Below, locate the line that contains "Dogecoin (DOGE) and". Repeat exactly from that line to the line that contains "Beautiful Flower in Shades of Orange", inclusive, leaving out the pictures.

> DATASET EXTRACT
* * * * * * *

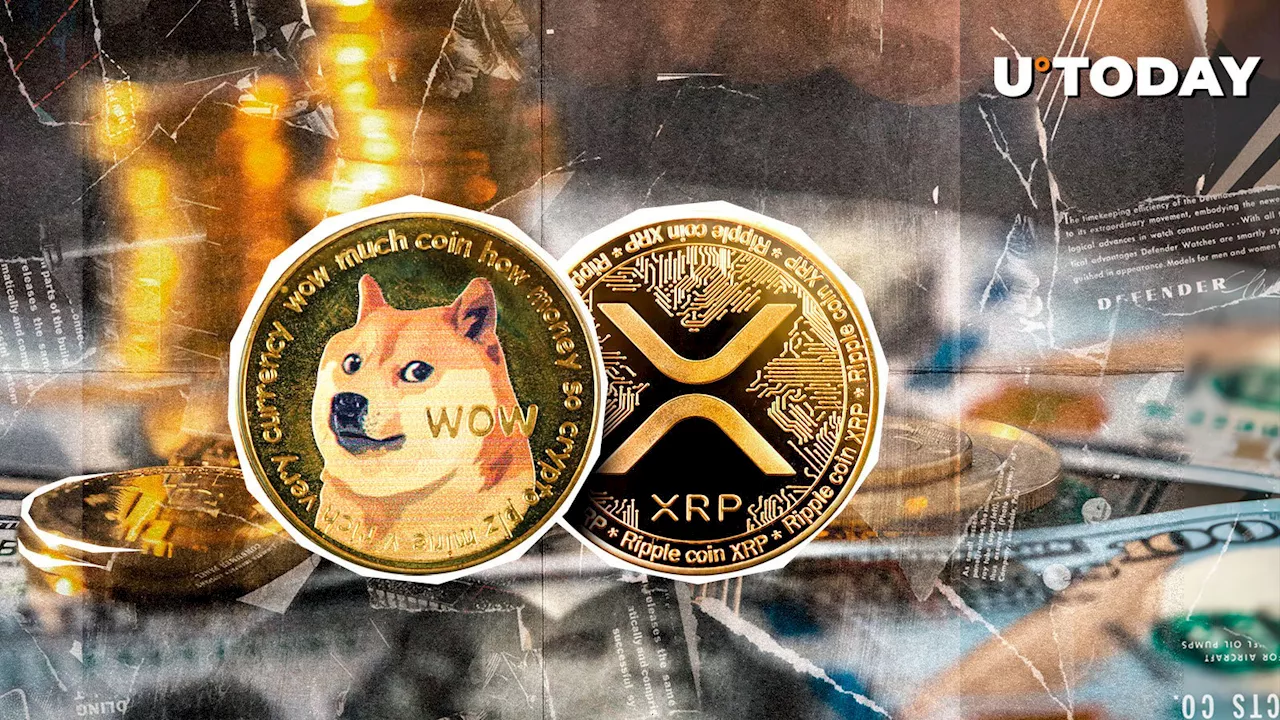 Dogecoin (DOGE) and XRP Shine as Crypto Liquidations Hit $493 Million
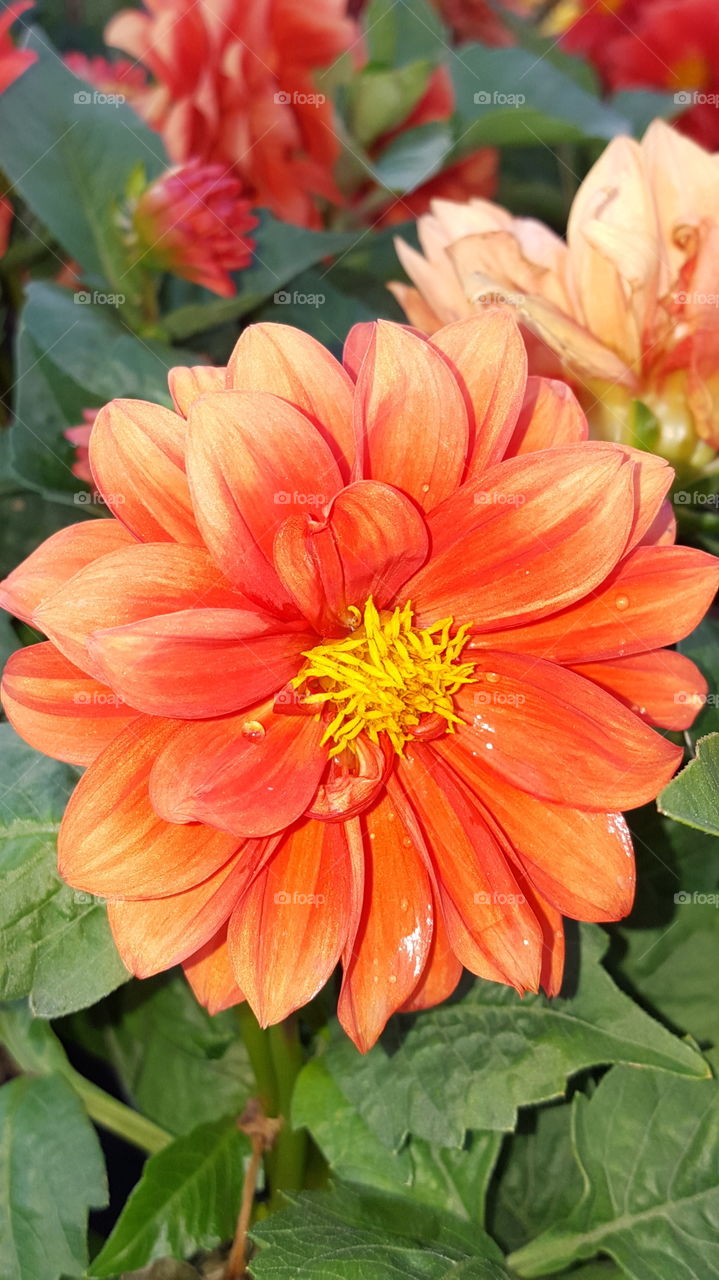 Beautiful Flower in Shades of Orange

* * * * * * *

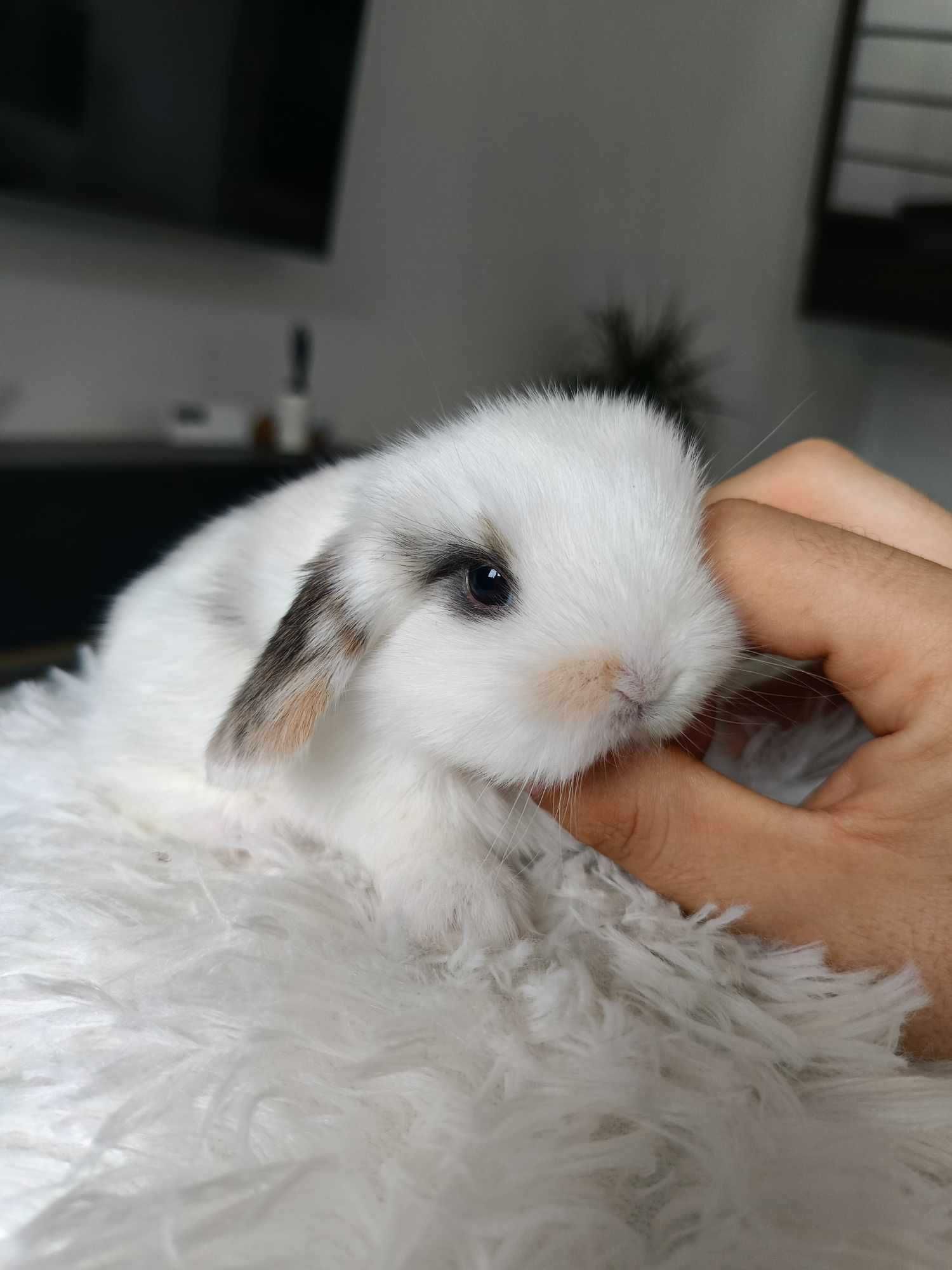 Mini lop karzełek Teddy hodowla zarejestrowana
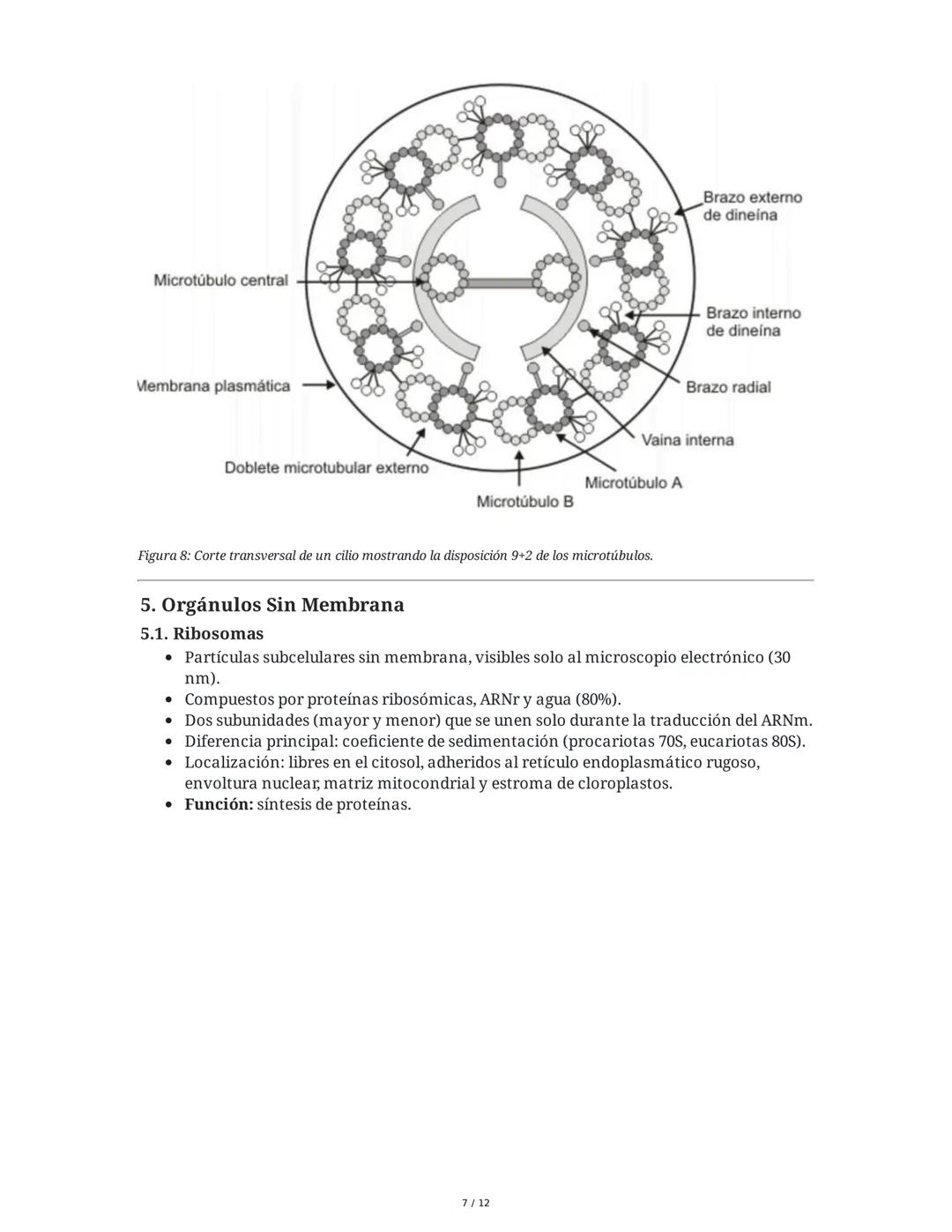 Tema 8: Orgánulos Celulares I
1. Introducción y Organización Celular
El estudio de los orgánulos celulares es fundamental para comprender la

* * * * * * *

> PROBLEM SOLUTION
 Dogecoin (DOGE) and XRP Shine as Crypto Liquidations Hit $493 Million
 Beautiful Flower in Shades of Orange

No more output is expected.